Special Stock Warrants (abbreviated SSW) are numbered and GPG signed instruments which create the right for a beneficiary specified by GPG fingerprint to purchase a specified number of S.NSA shares directly from No Such lAbs for a specified price, no earlier than a specified date. To be valid an SSW must be published by No Such lAbs at the time of its issuance.

The WOT means the Web Of Trust as maintained on bitcoin-otc.com, or at any such place that it may in time be moved.

2. DISCUSSION OF CONFLICT OF INTEREST

While Mircea Popescu's position as operator/majority shareholder of MPOE/MPEx may prima facie give rise to a conflict of interest, we consider this is not likely to be the case on the grounds that a) the best interests of S.NSA shareholders are not conceivably due to come into conflict with the best interests of S.MPOE shareholders ; b) the management of the relationship between the two entities is sufficiently public that fair dealing as well as non-favoritism of either entity may easily be verified by third parties. Nevertheless, this as well as pretty much everything else pertaining to BTC is speculative, unverified and novel, so third parties are encouraged to make their own determinations and rely on their own judgement.

3. THE INITIAL PUBLIC OFFERING.

3.1. Transactions Prior To The IPO. Subject to the conditions hereof, the named individual and MPEx shall use their reasonable best efforts to consummate the Listing Agreement, as follows :

(a) The named individuals will sign this exact Agreement as a clearsigned GPG document and forward this signed document to MPEx ;

(b) No Such lAbs will maintain a link on its main page to the MPEx listing and will reference the MPEx listing in corporate communication when appropriate ;

(c) MPEx, upon receipt of the aforementioned signed document will clearsign it and publish it on a separate page on the MPEx website, and will make reference to this page in relation to this agreement ;

(d) Upon publication MPEx will inform its market makers, preferred traders and other significant investors of the opportunity of investment.

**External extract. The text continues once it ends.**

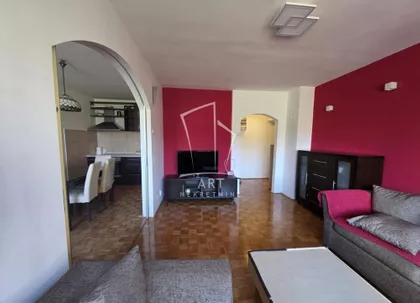 Luke Vojvodića | 4zida.rs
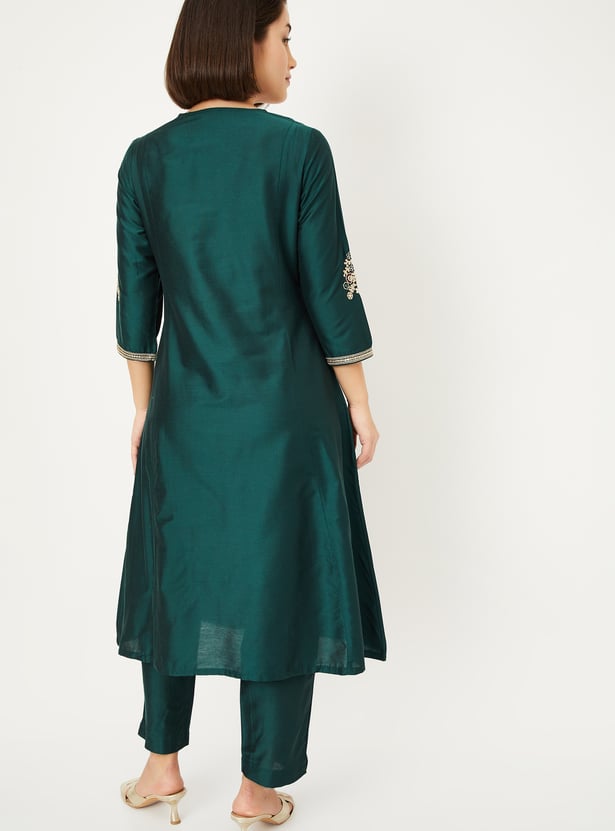 Trendy Ethnic Women’s Line Kurta Set with Beautiful Embroidery, Stylish Silhouette, and Coordinated Pants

3.2. The Terms of the Listing Agreement.

(a) No Such lAbs will offer one block of 100`000`000 (one hundred million) shares for a nominal value of 0.0001 BTC each, for a total equity value of 10`000 BTC starting on October 15th, 2013. In the case that by October 20th, at noon GMT placement of less than 1% of those shares is successful, the IPO will be deemed to have failed and all available capital minus all expenses incurred will be returned to buyers proportionally by the number of shares they hold. In the case that placement of more than 1% of those shares succeeds, the IPO will be deemed to have been consummated, and the total number of sold shares will become the total No Such lAbs authorised float.

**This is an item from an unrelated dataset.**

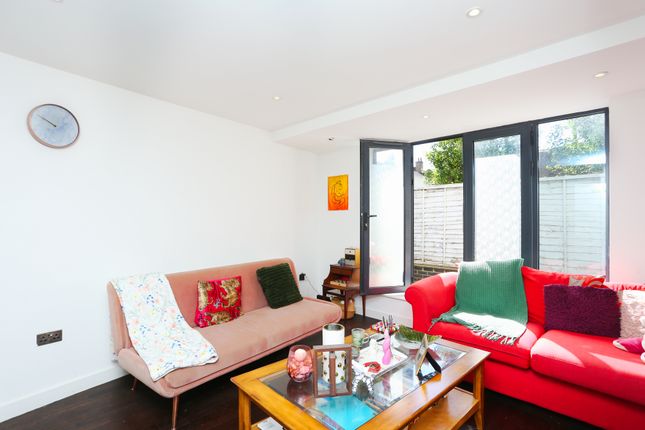 2 bedroom maisonette for sale
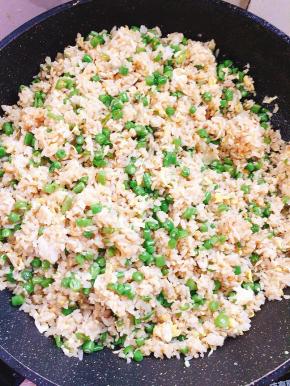 起锅前放入少许的鸡精调味即可！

(b) No Such lAbs solemnly promises and warrants never to issue more shares on any other venue nor in any way to fraudulently dilute existing shareholders at any point in the future. All future share issuance will be made only a) through selling of new shares on MPEx, subject to approval by MPEx, at a price no less than the thirty day average price then current on MPEx ; or b) through issuing of new shares on MPEx in exchange for mergers or acquisitions in all-stock or stock-and-BTC deals ; or c) through the issuing of Special Stock Warrants as defined, written at a price no less than the average S.NSA price 24 hours prior to the SSW issuance.

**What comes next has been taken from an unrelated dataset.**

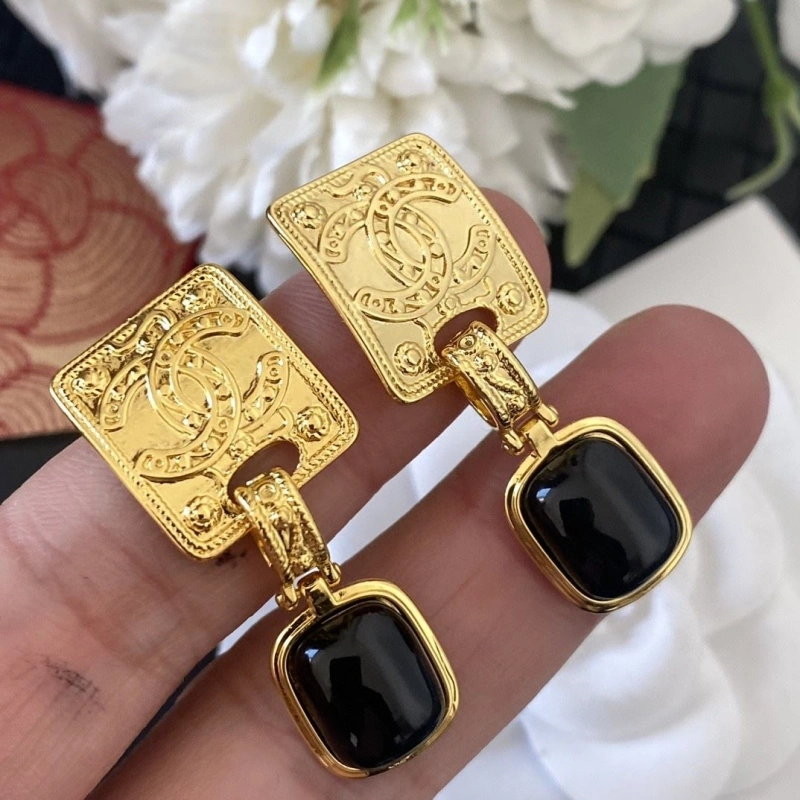 Trendy Chxnxl Earrings 288718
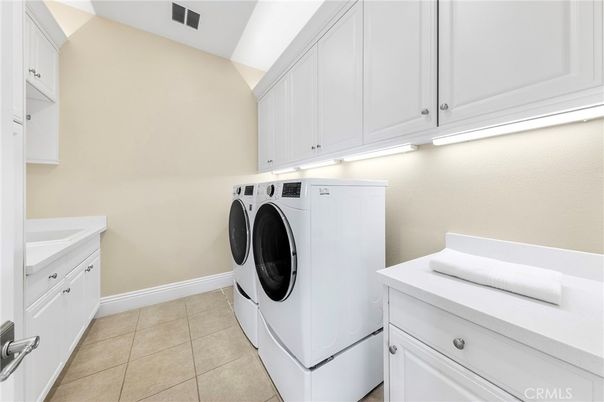 Interior, Washer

(c) The agreement between the parties is that Stanislav Datskovskiy will handle the operational, research and technical aspects of the venture, and jointly with Mircea Popescu the strategic management of the venture through a consensus process ; whereas Mircea Popescu will handle marketing, accounting and MPEx-compliant reporting for the venture, and jointly with Stanislav Datskovskiy the strategic management of the venture through a consensus process. As such Stanislav Datskovskiy is entitled to and will be issued a number of SSWs equal to 70% of the shares sold per 3.2.a above, at a price equal to the average price established by the IPO, and Mircea Popescu is entitled to and will be issued a number of SSWs equal to 30% of the shares sold per 3.2.a above, at a price equal to the average price established by the IPO. Further, any subsequent share issuance by S.NSA for any reason through any of the three avenues delineated under 3.2.b above will result in further SSWs being issued for Stanislav Datskovskiy, equal to 70% of the share issuance, as well as for Mircea Popescu, equal to 30% of the share issuance, with a price equal to the share price used in the share issuance.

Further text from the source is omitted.